Unfortunately, the sun set on the other side of the mountains from us, so all we got was some grey fading light, but the monasteries were beautiful anyway. I’ve no idea how they were constructed, but these buildings cling to the top of these immense rocks, and the view from inside must be astonishing on a clear day. Six of the monasteries still have people inhabiting them – four by men and two by women. We cycled around the roads giving us great views of these awesome buildings, then headed down once it got dark. A couple of gyros later and I headed back to our accommodation to try and figure out the Iran problem.

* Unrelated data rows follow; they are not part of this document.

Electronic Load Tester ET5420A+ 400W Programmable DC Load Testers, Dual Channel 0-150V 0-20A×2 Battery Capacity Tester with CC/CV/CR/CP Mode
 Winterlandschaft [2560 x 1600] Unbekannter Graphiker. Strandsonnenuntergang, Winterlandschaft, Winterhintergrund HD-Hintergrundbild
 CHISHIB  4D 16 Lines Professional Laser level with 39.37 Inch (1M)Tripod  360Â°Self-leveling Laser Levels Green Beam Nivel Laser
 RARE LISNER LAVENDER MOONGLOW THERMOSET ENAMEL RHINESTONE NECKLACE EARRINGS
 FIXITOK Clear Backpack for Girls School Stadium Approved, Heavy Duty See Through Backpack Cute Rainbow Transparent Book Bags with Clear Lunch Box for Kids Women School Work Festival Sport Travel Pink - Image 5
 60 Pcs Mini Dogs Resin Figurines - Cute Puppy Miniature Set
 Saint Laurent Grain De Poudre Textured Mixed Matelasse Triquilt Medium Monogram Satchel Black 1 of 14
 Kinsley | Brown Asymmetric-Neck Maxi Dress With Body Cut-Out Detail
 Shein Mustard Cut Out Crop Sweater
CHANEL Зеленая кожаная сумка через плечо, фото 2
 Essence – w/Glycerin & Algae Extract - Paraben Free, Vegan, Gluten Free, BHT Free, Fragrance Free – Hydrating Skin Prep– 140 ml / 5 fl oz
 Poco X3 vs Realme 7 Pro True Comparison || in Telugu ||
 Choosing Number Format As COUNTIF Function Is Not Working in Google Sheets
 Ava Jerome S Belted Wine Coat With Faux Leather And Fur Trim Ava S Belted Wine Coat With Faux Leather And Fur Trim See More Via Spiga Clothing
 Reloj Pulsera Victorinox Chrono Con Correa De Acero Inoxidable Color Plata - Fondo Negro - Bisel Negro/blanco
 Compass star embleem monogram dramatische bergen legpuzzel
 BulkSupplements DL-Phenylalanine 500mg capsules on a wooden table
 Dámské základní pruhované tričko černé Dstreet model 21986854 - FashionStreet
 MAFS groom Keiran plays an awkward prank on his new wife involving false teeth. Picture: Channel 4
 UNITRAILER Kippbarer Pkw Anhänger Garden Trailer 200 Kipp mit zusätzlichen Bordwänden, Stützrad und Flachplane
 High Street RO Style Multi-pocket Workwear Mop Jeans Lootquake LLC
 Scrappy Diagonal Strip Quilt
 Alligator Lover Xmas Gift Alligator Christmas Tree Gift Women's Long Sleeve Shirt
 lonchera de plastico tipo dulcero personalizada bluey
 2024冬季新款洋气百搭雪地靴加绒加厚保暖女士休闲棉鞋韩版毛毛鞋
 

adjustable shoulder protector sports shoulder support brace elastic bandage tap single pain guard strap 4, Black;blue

It looks like there’s almost no chance I’ll be able to cycle through Iran. The visa regulations for British citizens changed earlier this year, meaning that I need a guide, an itinerary and to have hotels booked for the duration of my stay. Obviously, these are incompatible with cycle touring, but there is one company that I am exploring the option with. I’m pretty sure this will be prohibitively expensive however, so I need to be prepared with a plan B. The difficulty with the plan B is that I need to specify my dates of entry and exit for three of the four Central Asian countries, meaning I have to know the exact days I will be getting to the border of each country. This is a logistical nightmare. If I was able to spend a month in Iran, I could go to Tehran, sort out the visas there, then cycle to the border. Not an option however. To go overland, there is either the train or the boat.
The boat, affectionately known as the vomit ferry, goes from Baku, in Azerbaijan, to Turkmenbashi, in Turkmenistan. The train goes from Van, Turkey, to Sarakhs, Iran – it would take about two days and I would be able to get the transit visa for the trip I think. If I take the boat, I will not be able to cycle across Turkmenistan, as the distances are too great for the five day transit visa we can get (any other visa requires a guide and hotels etc). The bonus of the boat though, is it leaves from Baku, so I would be able to cross Georgia and Azerbaijan at least before I head for Central Asia. If I took the train, this would almost certainly preclude me from going to Georgia or Armenia. As all of the border crossings between Turkey and Armenia are closed, there’s no loop I could do that would allow me to go though all three countries then get back to Van easily – I’d have to totally retrace my steps and it’s not a short trip. Since I’m not going to be able to travel in Iran, I am planning to take some extra time in Istanbul to explore – either a few weeks or a month – which will allow the Turkish climate to improve a little before we head off.
Anyway, enough logistical problems, tomorrow we should have a solid day of riding. The roads should be flat all the way to Larisa and then the day after that we should have the chance to see Mt Olympus. It will be nice to get back onto flat ground after a week of hills, so I’m looking forward to seeing how the legs go.